» What you have to do
Retype only the lines below from the one with "130524-USA-BryceCanyon-0710_exposure.JPG" to the one with "Time-Limited Ultra Thin", inclusive, skipping every image.

» Source information
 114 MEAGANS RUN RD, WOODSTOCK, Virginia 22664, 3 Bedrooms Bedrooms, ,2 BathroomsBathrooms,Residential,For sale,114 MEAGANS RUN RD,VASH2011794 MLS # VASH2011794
...
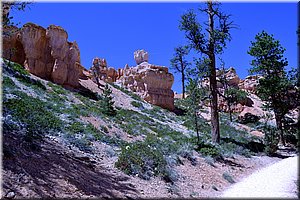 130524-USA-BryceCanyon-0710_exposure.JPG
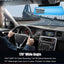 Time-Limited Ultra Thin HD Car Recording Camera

» Result for this task
 130524-USA-BryceCanyon-0710_exposure.JPG
 Time-Limited Ultra Thin HD Car Recording Camera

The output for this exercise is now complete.